How Ethernet Evolved from Shared Coax to Modern Gigabit Networks
This article traces Ethernet's transformation from its early shared‑medium, half‑duplex coaxial designs with CSMA/CD rules to today's high‑speed, full‑duplex switched networks, highlighting key technologies like the vampire tap, 10BASE5 "yellow thick" cable, AUI, and the reasons behind the shift to twisted‑pair and fiber.
Early Ethernet Architecture
Ethernet originated at Xerox PARC as a shared‑medium, half‑duplex LAN. All stations were attached to a single coaxial cable and contended for the medium using the CSMA/CD protocol.
CSMA/CD Mechanics
Carrier Sense (CS) : a NIC monitors the line voltage; transmission starts only if the line is idle.
Multiple Access (MA) : any station may attempt to transmit once the line is sensed idle.
Collision Detection (CD) : while transmitting, the NIC continuously samples the line. If the sensed voltage deviates from the transmitted pattern, a collision is declared.
On collision detection the NIC:
Sends a jam signal (32 µs) to ensure all stations see a corrupted frame.
Stops the current transmission.
Waits a random back‑off interval chosen from the range 0 … (2^k – 1) * slot_time, where k is the collision count (capped at 10) and slot_time is 512 bit‑times (≈51.2 µs at 10 Mbps).
Retries transmission.
The protocol imposes a minimum frame size of 64 bytes (512 bits) so that a transmitting station can still detect a collision before the frame ends. It also defines a maximum cable length for a given data rate to keep the round‑trip propagation delay below one slot time.
First Commercial Ethernet – 10BASE5 (Thicknet)
10BASE5 was the first widely deployed Ethernet standard. Its key parameters were:
Speed : 10 Mbps
Maximum segment length : 500 m
Cable type : 50 Ω RG‑8/U coax, bright yellow for easy identification
Connector : N‑type BNC at each end, terminated with 50 Ω resistors
Attachment method : vampire tap – a metal clamp that pierces the cable insulation without cutting the conductor.
Vampire Tap Installation
To add a station without interrupting the network:
Mark the precise tap location (black‑painted reference points are spaced according to the Ethernet timing budget).
Use a specialized drilling tool to make a clean hole through the cable jacket.
Clamp the transceiver onto the exposed conductor; the tap provides both signal coupling and a 50 Ω termination for the segment.
Advantages: no network outage and flexible placement. Drawbacks: requires skilled technicians; a mis‑drilled tap can cause intermittent faults or total segment failure.
Alternative – Cut‑and‑Splice
The more disruptive method involves cutting the cable, installing an N‑type connector, mounting the transceiver, and then restoring the link. This forces a full network outage and is rarely used in practice.

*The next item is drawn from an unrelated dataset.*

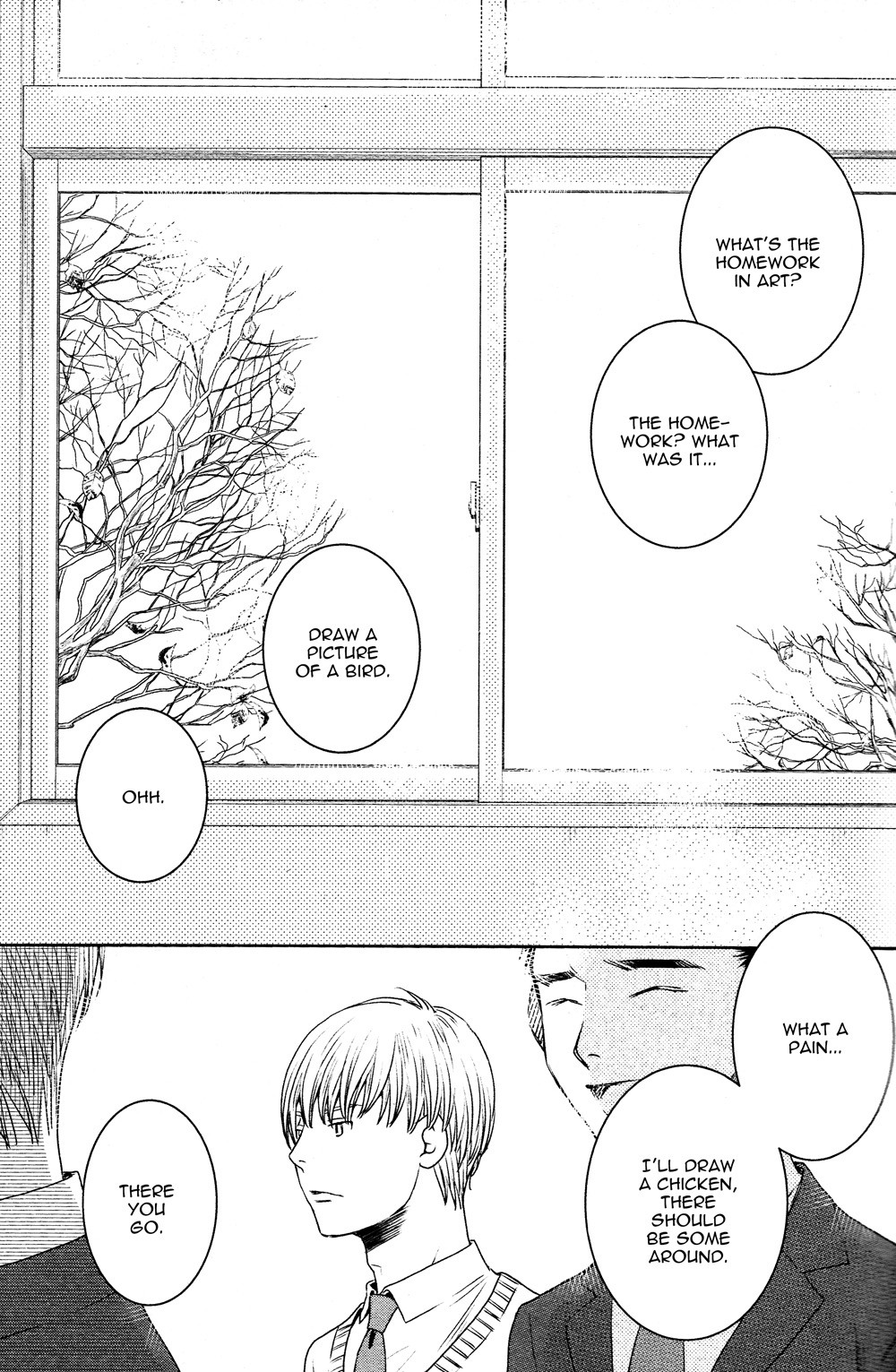 Sojou No Koi Wa Nido Haneru - Chapter 4.5: Hummingbird Rhapsody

Attachment Unit Interface (AUI)
Early Ethernet NICs did not contain a transceiver. Instead they connected to an external transceiver via a 15‑pin AUI cable (approximately 50 cm long). The AUI cable is passive; power for the transceiver is supplied from the host. This architecture added bulk and complexity compared with modern integrated PHYs.
Transition to Switched, Full‑Duplex Ethernet
Shared‑medium Ethernet suffered from:
Collision domains that limited aggregate throughput.

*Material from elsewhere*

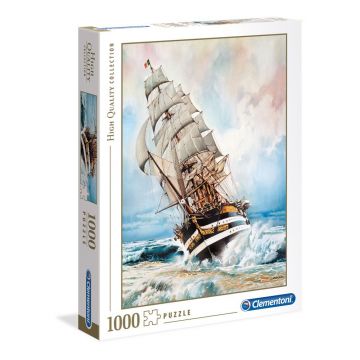 Puzzle 1000 piese Clementoni Amerigo Vespucci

Difficulty scaling beyond a single 500 m segment.
High installation and maintenance cost due to thick coax and precise tap locations.
The introduction of Ethernet switches in the late 1980s provided a dedicated point‑to‑point link for each port, eliminating collisions. Full‑duplex operation (simultaneous transmit and receive) became standard, allowing the CSMA/CD algorithm to be retired.
Speed Evolution Timeline
1973 – 3 Mbps (≈2.94 Mbps) over RG‑11 coax.
1980 – 10 Mbps (10BASE5 thicknet).
1990 – 100 Mbps Fast Ethernet (100BASE‑TX over Category 5 twisted pair).
1998 – 1 Gbps (1000BASE‑SX/LX over fiber, 1000BASE‑T over Cat5e).
2001 – 10 Gbps (10GBASE‑SR/LR over fiber, 10GBASE‑T over Cat6a).
2010 – 40 Gbps (40GBASE‑SR4).
2015 – 100 Gbps (100GBASE‑SR10, 100GBASE‑LR4).
Key Takeaways
Early Ethernet introduced several concepts that remain fundamental:
Distributed media access without a central controller.
Deterministic timing constraints (minimum frame size, maximum segment length) derived from the physics of signal propagation.
The elegant CSMA/CD state machine, still taught as a classic example of contention‑based networking.
Understanding the constraints of the original coaxial, shared‑medium design explains why modern Ethernet migrated to switched, full‑duplex, twisted‑pair and fiber media, achieving orders of magnitude higher bandwidth while simplifying installation and troubleshooting.